Marcum LLP expanded to California and Hong Kong this month after merging in Stonefield Josephson, and the next target for the New York-based firm is likely to be Chicago.

[IMGCAP(1)]Managing partner Jeff Weiner told me Thursday that the firm is looking to expand to the Windy City next year, though he hasn’t started talking with any merger candidates yet. The Chicago move would be the next in a string of mergers and expansions in recent years.

“We set out in 2008 to go from being a regional firm in New York to really create a national firm to service the middle market,” he said. “We want to be looked at as the middle market alternative to the Big Four. We started in New York in 2008, then we expanded into New Jersey, then in 2009 we expanded to South Florida and to Philadelphia, and in 2010 earlier this year we went up to New England. We had earmarked the West Coast, Los Angeles, San Francisco as areas we wanted to be in. Stonefield filled that need for us, and we’re looking at expanding into Chicago next year.”

The integration process with Stonefield should be similar to the other recent mergers for Marcum, with Rachlin LLP in Florida, Margolis & Co. in Philadelphia, and the three offices in Connecticut and Massachusetts that it bought from UHY Advisors (see Marcum Merges in Stonefield).

“We’ve been through this a couple of times,” said Weiner. “We put together an integration team on all levels, whether it’s administrative, audit, or tax, that basically will work with Stonefield to assimilate them into our policies and procedures over the course of time.”

The two firms share some similar technologies, but others are different. “You don’t have to change everything day one,” Weiner said. “We’ve learned that if you assimilate over time with a plan, it could be a three-month plan or a six-month plan, you can’t change everything day one. It’s just impractical. There’s too many things, there’s too many people involved, there’s too much of a learning curve. But depending on what it is, whether it’s the audit software or the tax software or time of year determines how long the integration process will take.”
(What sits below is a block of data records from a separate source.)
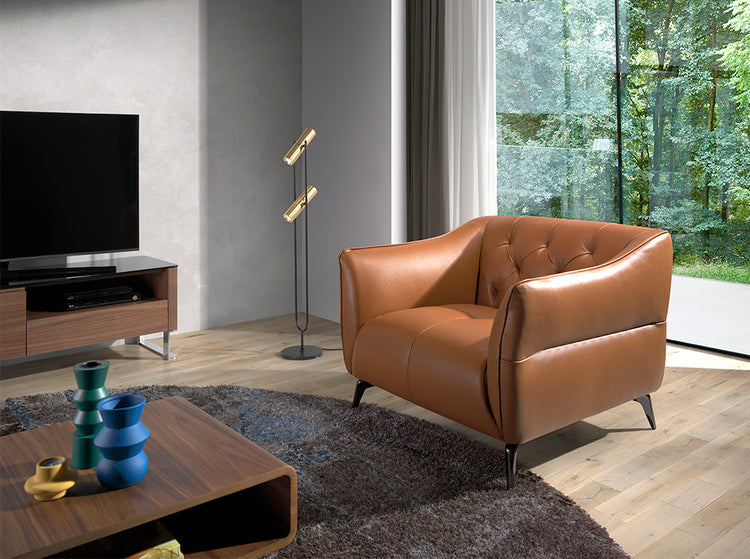 Armchair upholstered in brown leather with capitonné-Angel Cerdá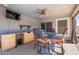 Covered patio includes ceiling fan, a grill, and built-in counter with sink at 23306 S 221St St, Queen Creek, AZ 85142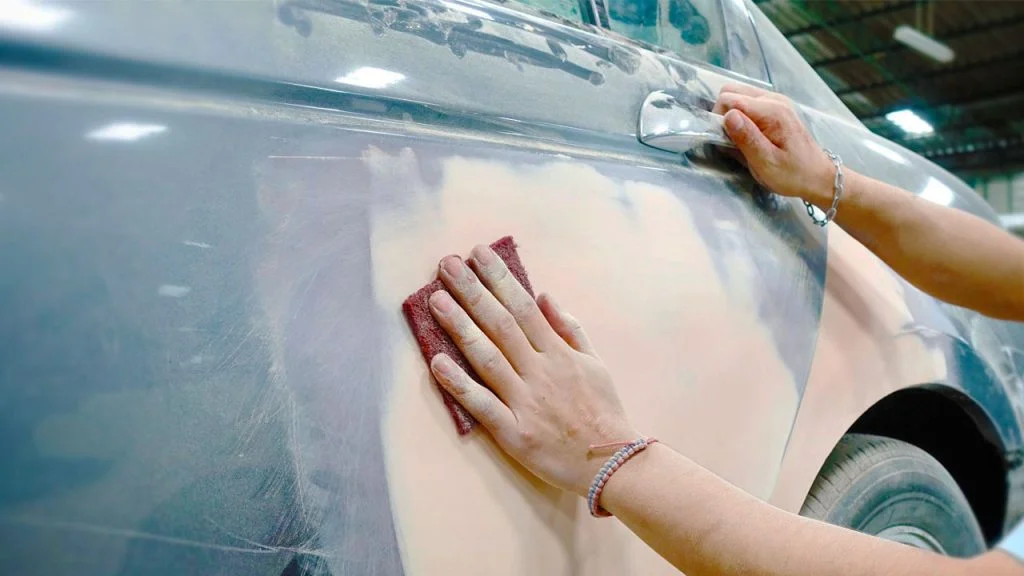 close up of a man sanding a car getting it ready to paint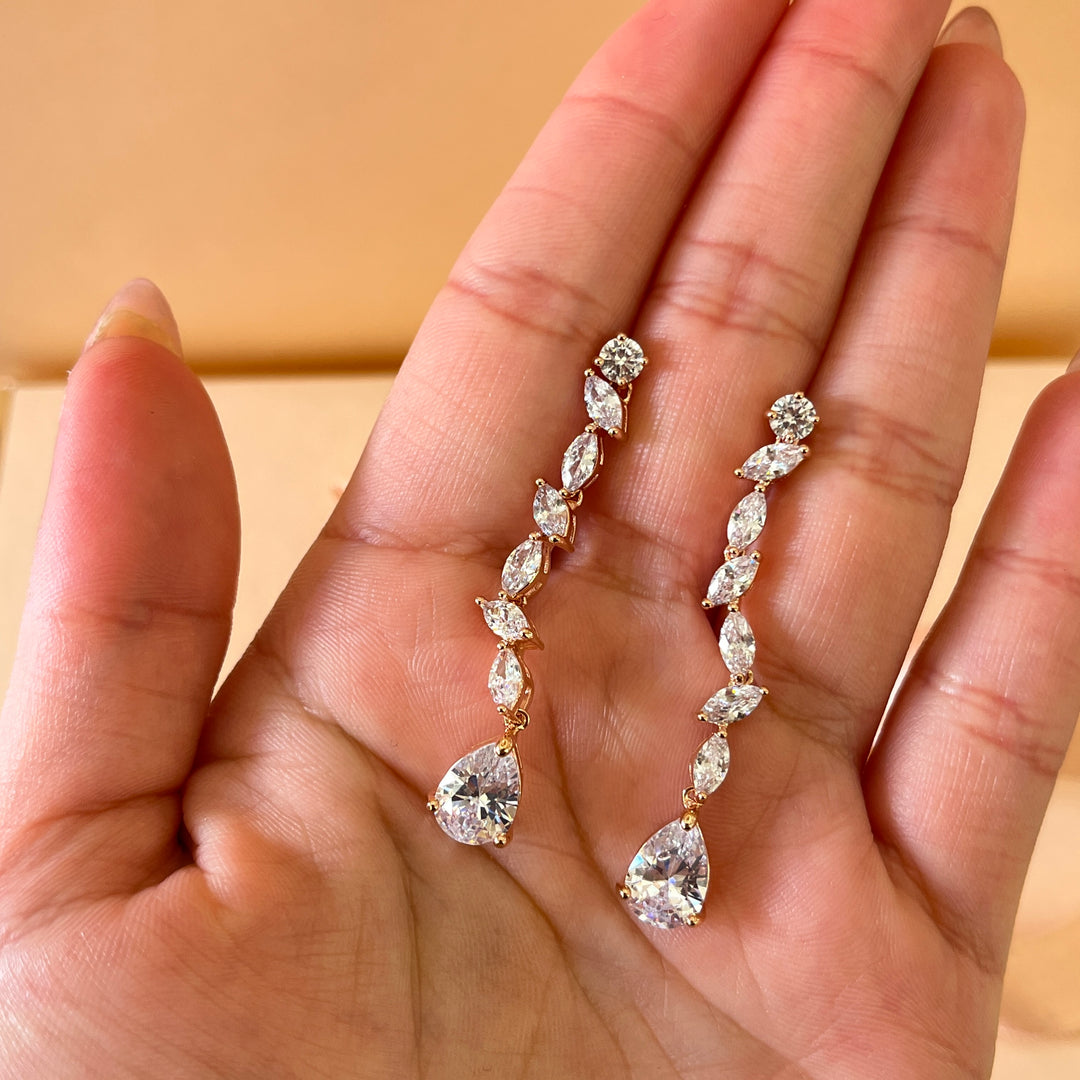 Teardrop and marquise zircone rose gold plated earrings and bracelet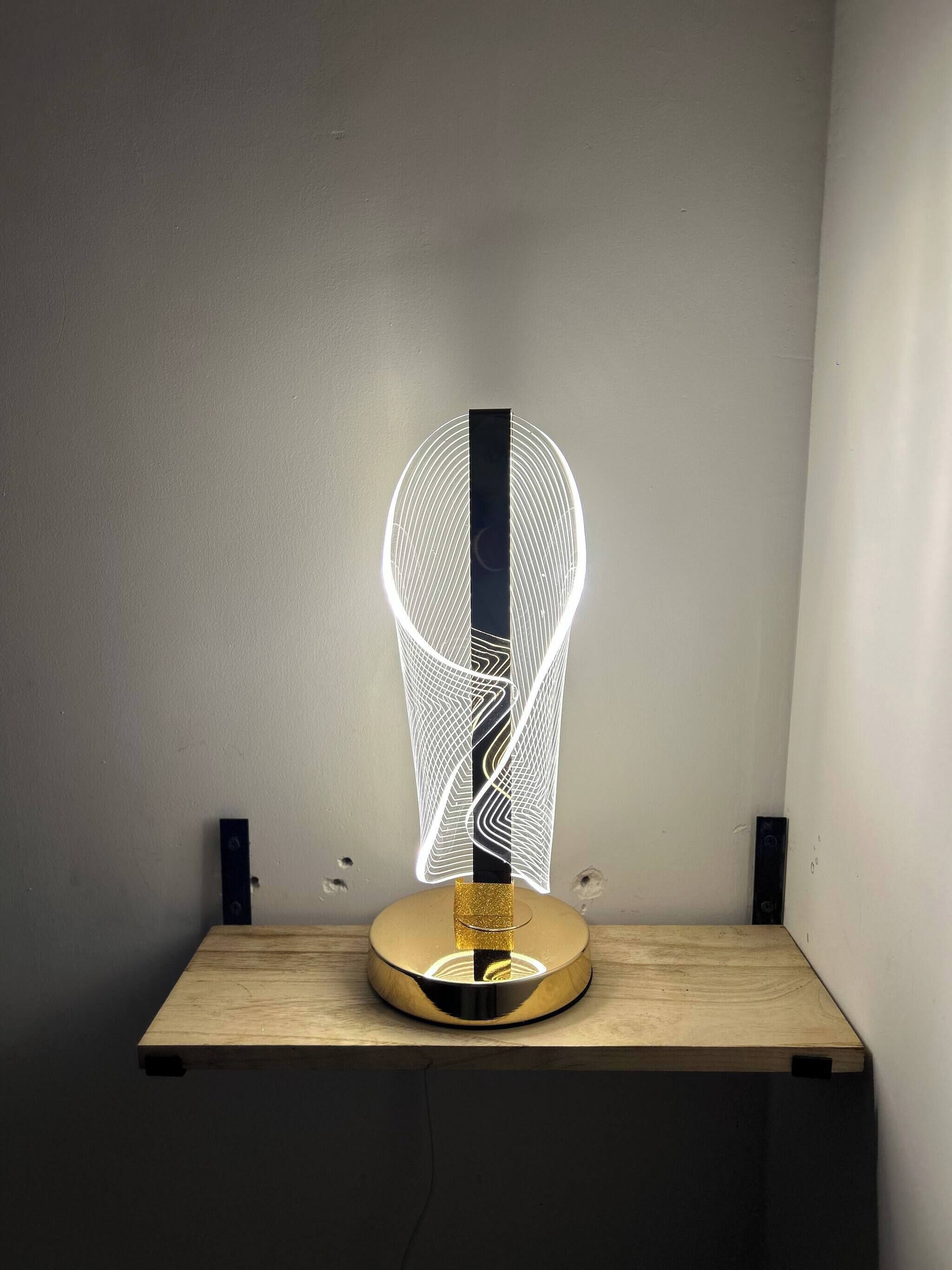 Una lámpara de mesa moderna con un diseño geométrico sobre una mesa de madera frente a una pared lisa.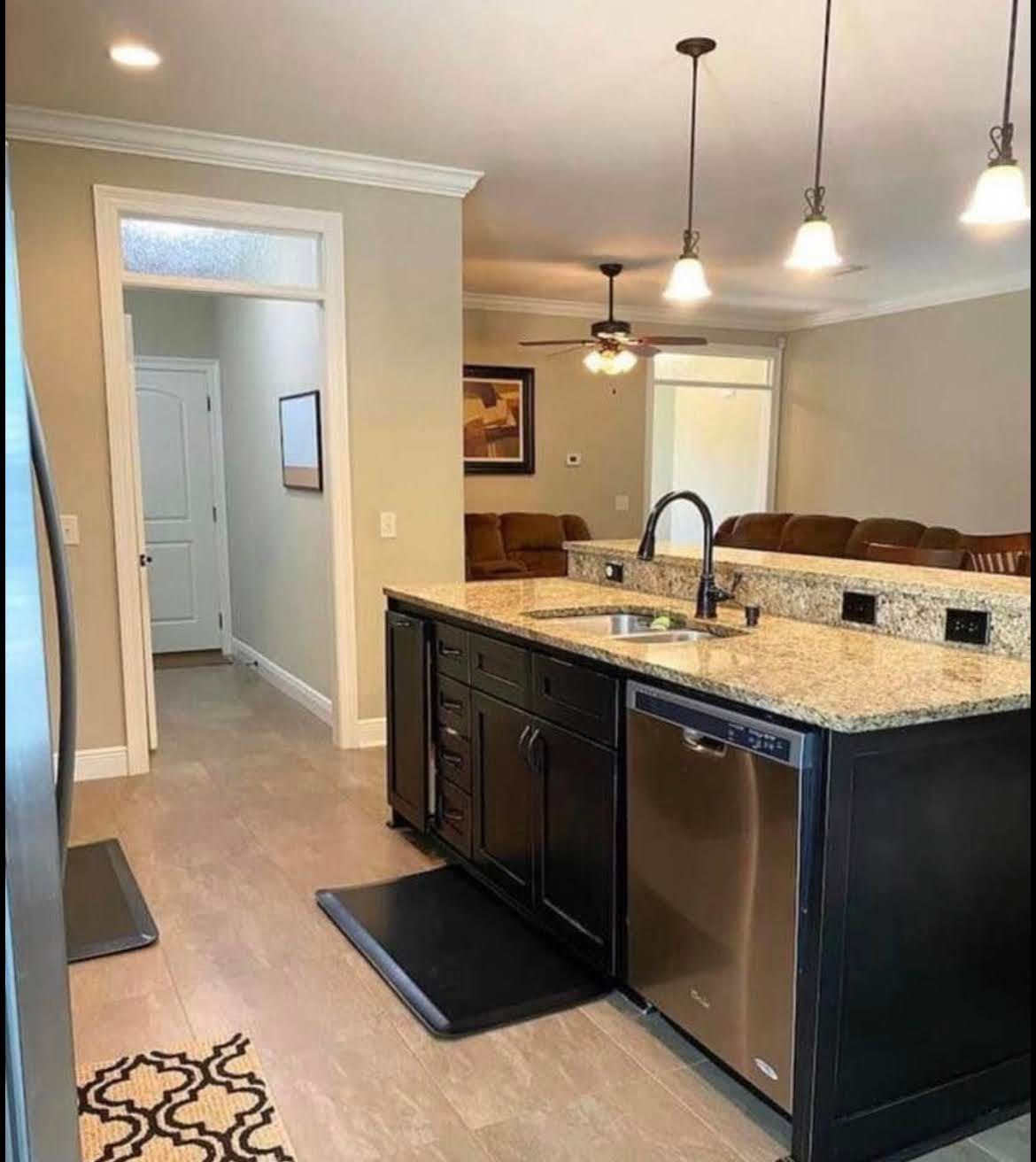 Bright kitchen with granite island, dark cabinets, stainless dishwasher, and pendant lights; dining area beyond.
So far, the transition has been going well since the merger took effect on October 1, according to Weiner. “Any of the firms we merge with, but Stonefield in particular, they’ve been around a long time, and they have a viable up-and-running business," he said. "Day one, other than changing the name on the door, nothing’s changed. It’s the same people and the same place. We don’t get rid of people. We don’t do an overnight upheaval. We do things over time. We try to make it as least intrusive as possible, both for the people who work there and the clients. We want it to be seamless, so we want the change and the integration to be almost transparent.”